I rear-ended someone a month after getting a car in FL, about two months after I got my license in NYC.

:cry:

My first and only at-fault accident

I had to take the test in a stick shift when I’d only practiced parallel parking in the automatic transmission driver’s ed car.

I got a perfect score on the road test but I lost 10 points on the parallel parking portion because the car was crooked when it wasn’t supposed to be. That was still good enough to pass. Tester was impressed that I was taking the test in a stick… said he hadn’t seen that in years. But of course it was permitted and my Dad only had the one car, so… :woman_shrugging:

If we earned/lost “points”, they didn’t share that with us. We were tested on a two point scale. Pass or fail.

=

To be clear, I don’t really know if I’m a believer either. The tech is difficult. We might very well have flying cars or super-intelligent robots before we get widespread self-driving cars.
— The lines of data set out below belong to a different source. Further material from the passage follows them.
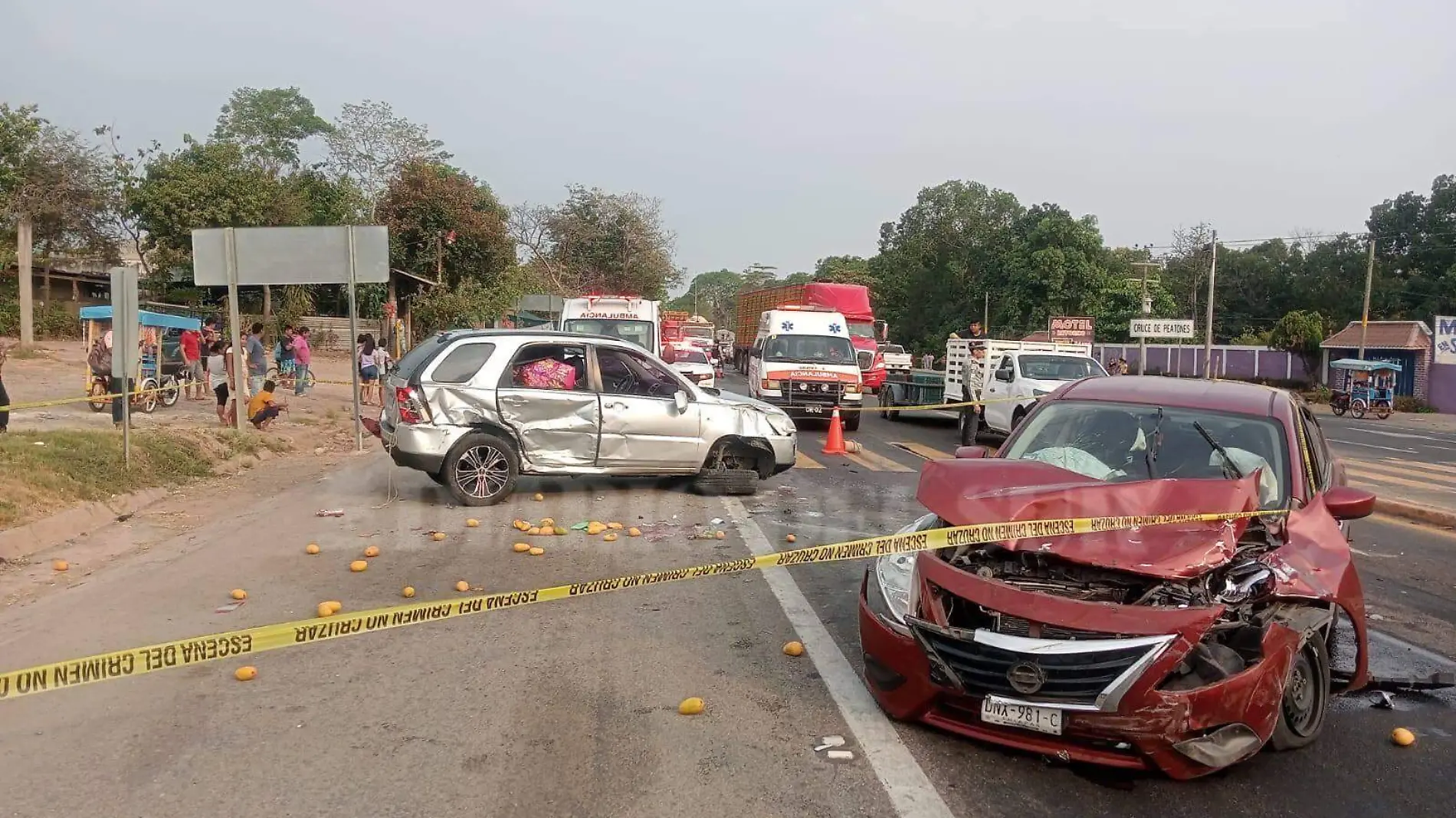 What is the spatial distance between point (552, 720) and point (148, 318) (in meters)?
17.7

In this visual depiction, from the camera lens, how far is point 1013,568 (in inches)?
174

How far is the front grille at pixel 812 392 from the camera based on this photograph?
19.8 meters

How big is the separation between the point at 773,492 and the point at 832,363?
9299 millimetres

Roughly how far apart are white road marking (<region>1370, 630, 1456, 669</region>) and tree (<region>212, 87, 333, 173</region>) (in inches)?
1856

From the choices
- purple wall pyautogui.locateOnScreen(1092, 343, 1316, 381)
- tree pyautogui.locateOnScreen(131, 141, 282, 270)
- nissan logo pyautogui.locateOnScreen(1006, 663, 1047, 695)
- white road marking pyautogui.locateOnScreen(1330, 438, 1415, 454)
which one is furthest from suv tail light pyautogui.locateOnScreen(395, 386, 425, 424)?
purple wall pyautogui.locateOnScreen(1092, 343, 1316, 381)

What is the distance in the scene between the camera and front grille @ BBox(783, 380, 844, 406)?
19844 millimetres

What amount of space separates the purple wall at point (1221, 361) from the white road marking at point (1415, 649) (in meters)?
38.2

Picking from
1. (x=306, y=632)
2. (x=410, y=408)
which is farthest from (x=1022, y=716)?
(x=410, y=408)

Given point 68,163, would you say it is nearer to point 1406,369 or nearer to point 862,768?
point 862,768

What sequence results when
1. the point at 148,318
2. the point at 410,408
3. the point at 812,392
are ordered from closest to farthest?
the point at 410,408
the point at 148,318
the point at 812,392

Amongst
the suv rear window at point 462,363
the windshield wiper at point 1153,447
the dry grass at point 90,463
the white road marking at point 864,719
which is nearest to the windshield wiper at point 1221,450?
the windshield wiper at point 1153,447

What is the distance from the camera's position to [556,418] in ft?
34.0

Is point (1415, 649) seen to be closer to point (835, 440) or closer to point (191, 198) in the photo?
point (835, 440)

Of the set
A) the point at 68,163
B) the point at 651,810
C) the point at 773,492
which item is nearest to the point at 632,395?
the point at 773,492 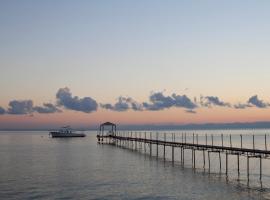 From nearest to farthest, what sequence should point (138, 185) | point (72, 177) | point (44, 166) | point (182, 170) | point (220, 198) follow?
point (220, 198) → point (138, 185) → point (72, 177) → point (182, 170) → point (44, 166)

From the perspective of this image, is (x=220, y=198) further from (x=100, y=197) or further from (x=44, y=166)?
(x=44, y=166)

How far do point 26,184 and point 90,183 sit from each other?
26.2 feet

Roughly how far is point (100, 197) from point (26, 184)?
508 inches

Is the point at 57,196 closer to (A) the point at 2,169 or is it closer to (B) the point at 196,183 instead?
(B) the point at 196,183

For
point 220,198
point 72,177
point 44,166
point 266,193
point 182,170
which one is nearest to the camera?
point 220,198

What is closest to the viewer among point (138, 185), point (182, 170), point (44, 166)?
point (138, 185)

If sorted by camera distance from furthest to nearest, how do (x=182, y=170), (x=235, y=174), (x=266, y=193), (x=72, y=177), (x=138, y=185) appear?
(x=182, y=170) < (x=235, y=174) < (x=72, y=177) < (x=138, y=185) < (x=266, y=193)

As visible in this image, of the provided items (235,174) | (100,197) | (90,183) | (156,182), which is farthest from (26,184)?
(235,174)

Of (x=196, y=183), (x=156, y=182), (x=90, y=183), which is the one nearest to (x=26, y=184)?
(x=90, y=183)

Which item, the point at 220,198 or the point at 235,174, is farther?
the point at 235,174

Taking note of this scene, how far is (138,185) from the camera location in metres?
49.8

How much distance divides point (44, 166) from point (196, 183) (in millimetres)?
31828

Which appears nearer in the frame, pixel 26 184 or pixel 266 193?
pixel 266 193

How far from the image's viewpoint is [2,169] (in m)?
66.8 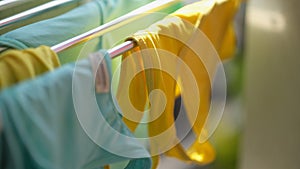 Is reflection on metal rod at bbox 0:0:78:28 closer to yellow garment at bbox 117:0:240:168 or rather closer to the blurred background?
yellow garment at bbox 117:0:240:168

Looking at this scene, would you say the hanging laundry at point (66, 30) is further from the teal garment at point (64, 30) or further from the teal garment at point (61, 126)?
the teal garment at point (61, 126)

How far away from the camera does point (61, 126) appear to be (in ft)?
2.00

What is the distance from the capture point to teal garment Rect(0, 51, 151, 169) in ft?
A: 1.81

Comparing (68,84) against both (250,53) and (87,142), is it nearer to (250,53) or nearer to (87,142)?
(87,142)

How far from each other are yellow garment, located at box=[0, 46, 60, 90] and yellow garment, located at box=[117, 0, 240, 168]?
139 millimetres

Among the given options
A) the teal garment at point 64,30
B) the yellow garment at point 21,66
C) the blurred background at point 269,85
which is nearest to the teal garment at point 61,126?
the yellow garment at point 21,66

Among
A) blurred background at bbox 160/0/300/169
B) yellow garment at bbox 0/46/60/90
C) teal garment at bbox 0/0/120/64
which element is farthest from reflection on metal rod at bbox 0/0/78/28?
blurred background at bbox 160/0/300/169

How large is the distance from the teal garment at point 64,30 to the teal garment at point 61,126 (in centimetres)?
14

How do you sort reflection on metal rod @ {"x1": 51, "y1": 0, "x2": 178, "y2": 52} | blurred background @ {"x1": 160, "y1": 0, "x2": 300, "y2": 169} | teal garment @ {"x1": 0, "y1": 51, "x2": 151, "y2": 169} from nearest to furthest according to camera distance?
teal garment @ {"x1": 0, "y1": 51, "x2": 151, "y2": 169} → reflection on metal rod @ {"x1": 51, "y1": 0, "x2": 178, "y2": 52} → blurred background @ {"x1": 160, "y1": 0, "x2": 300, "y2": 169}

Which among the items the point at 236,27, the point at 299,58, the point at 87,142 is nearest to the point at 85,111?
the point at 87,142

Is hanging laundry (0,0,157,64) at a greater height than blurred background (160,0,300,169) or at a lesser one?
greater

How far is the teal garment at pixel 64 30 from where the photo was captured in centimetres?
73

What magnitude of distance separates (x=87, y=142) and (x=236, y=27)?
63cm

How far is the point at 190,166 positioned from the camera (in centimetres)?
131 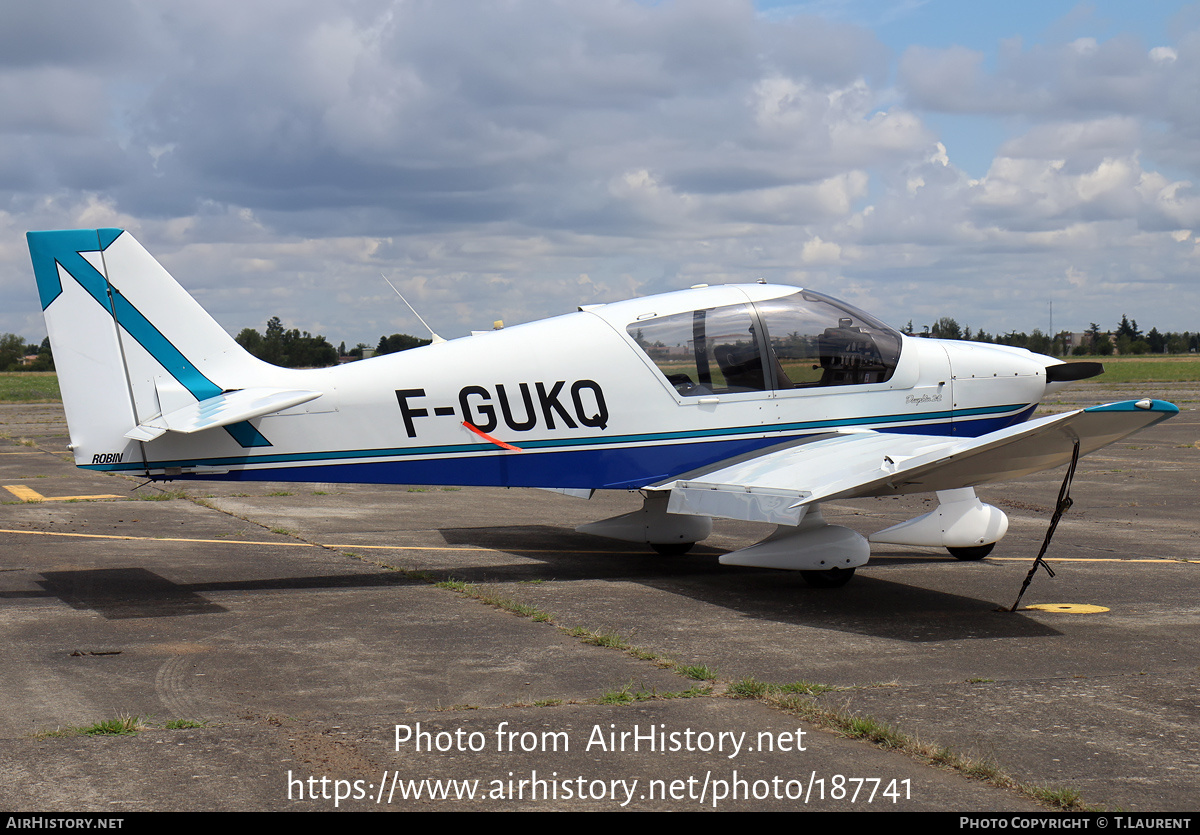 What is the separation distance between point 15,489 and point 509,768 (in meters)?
15.1

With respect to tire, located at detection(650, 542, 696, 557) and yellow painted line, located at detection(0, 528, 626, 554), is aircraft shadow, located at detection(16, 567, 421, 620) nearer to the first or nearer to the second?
yellow painted line, located at detection(0, 528, 626, 554)

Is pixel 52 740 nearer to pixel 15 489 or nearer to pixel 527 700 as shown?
pixel 527 700

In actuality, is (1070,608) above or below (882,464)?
below

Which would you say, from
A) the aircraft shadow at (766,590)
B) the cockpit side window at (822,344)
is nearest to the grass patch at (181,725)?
the aircraft shadow at (766,590)

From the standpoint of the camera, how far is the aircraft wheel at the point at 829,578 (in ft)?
29.3

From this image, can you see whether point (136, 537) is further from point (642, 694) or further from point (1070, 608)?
point (1070, 608)

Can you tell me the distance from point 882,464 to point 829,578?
129 cm

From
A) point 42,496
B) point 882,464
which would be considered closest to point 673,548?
point 882,464

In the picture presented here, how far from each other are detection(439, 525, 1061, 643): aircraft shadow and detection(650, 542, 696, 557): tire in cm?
9

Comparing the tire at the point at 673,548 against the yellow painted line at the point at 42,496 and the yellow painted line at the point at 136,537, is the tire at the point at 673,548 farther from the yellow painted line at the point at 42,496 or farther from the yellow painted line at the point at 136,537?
the yellow painted line at the point at 42,496

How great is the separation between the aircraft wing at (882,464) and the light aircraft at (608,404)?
28mm

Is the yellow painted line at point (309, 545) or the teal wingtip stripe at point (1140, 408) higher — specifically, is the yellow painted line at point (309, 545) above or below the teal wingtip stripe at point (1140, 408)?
below

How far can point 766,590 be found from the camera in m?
9.02

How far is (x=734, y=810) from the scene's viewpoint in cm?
419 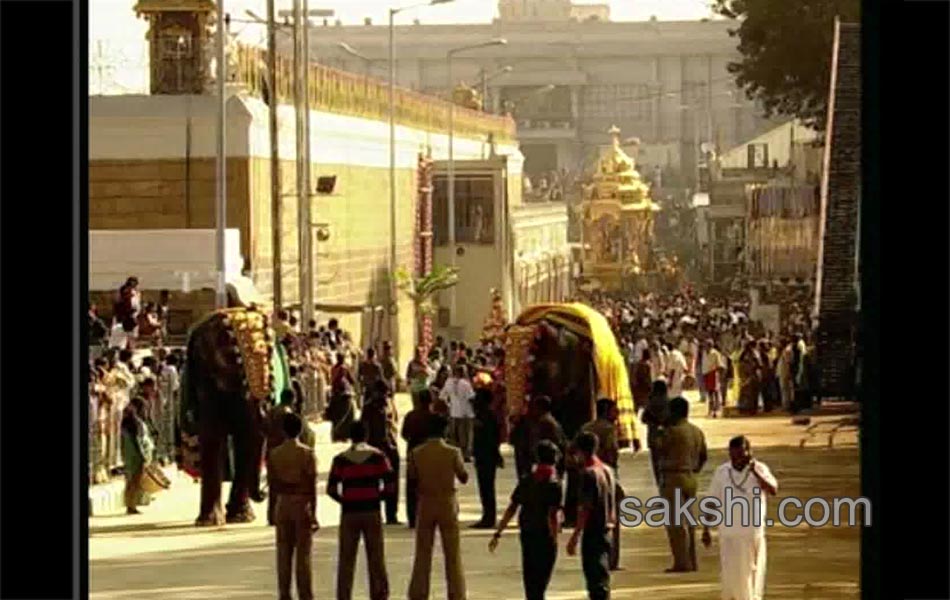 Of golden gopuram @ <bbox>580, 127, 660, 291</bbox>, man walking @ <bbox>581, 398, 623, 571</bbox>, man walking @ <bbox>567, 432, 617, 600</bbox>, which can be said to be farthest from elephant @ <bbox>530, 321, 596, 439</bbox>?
golden gopuram @ <bbox>580, 127, 660, 291</bbox>

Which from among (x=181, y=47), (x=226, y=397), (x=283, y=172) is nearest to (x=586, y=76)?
(x=283, y=172)

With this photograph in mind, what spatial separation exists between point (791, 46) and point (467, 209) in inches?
546

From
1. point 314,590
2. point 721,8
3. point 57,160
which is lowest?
point 314,590

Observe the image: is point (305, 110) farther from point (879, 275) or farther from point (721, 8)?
point (879, 275)

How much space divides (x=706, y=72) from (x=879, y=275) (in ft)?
275

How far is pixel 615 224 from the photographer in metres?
69.2

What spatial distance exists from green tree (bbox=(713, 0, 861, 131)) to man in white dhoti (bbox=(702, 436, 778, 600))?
17.8 meters

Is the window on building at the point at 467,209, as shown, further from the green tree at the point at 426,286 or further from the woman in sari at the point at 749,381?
the woman in sari at the point at 749,381

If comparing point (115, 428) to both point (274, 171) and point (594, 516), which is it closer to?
point (594, 516)

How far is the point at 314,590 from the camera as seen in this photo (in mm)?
18875

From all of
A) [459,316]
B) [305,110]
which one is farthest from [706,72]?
[305,110]

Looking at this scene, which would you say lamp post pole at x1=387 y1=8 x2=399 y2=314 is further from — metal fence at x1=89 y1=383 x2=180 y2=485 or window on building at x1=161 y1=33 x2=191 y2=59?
metal fence at x1=89 y1=383 x2=180 y2=485

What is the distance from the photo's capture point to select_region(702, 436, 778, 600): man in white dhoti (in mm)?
16484

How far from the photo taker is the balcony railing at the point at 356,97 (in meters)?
41.1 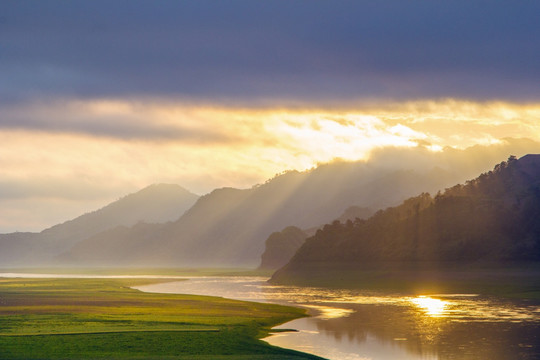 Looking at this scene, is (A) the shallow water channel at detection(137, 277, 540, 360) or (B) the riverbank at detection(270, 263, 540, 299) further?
(B) the riverbank at detection(270, 263, 540, 299)

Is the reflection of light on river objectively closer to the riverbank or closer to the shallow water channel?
the shallow water channel

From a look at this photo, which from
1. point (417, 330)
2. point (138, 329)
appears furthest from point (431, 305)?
point (138, 329)

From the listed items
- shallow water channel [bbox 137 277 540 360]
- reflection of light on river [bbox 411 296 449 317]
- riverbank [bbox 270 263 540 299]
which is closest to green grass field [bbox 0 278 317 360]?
shallow water channel [bbox 137 277 540 360]

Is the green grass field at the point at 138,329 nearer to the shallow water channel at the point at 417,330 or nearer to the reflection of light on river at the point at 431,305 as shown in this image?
the shallow water channel at the point at 417,330

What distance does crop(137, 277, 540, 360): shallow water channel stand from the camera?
62.8m

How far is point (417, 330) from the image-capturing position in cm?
7731

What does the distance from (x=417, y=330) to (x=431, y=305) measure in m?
35.2

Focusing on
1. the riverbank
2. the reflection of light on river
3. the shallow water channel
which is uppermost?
the riverbank

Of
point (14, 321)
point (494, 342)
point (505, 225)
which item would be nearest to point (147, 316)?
point (14, 321)

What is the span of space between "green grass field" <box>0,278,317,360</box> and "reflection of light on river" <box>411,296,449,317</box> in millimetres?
16782

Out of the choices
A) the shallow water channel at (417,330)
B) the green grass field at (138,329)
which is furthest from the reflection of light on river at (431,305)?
the green grass field at (138,329)

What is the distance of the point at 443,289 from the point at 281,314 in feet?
211

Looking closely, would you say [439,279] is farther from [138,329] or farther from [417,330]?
[138,329]

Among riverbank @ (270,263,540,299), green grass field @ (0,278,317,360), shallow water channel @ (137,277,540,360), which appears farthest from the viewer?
riverbank @ (270,263,540,299) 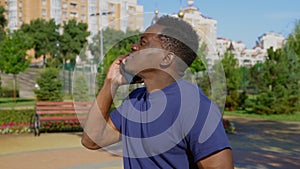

I think regulators are mostly moving out of the way for AVs, but I agree reputation risk might make waymo overly cautious right now.

People have literally died because they had a seatbelt on and only because they had a seatbelt on. Same for airbags.

I see self driving cars as being mandatory in the future. Humans suck at driving. The number of people dying because of self driving tech will be so insignificant compared to human driver casualties it won’t be even close.
Just like seatbelts and airbags, people won’t have a choice.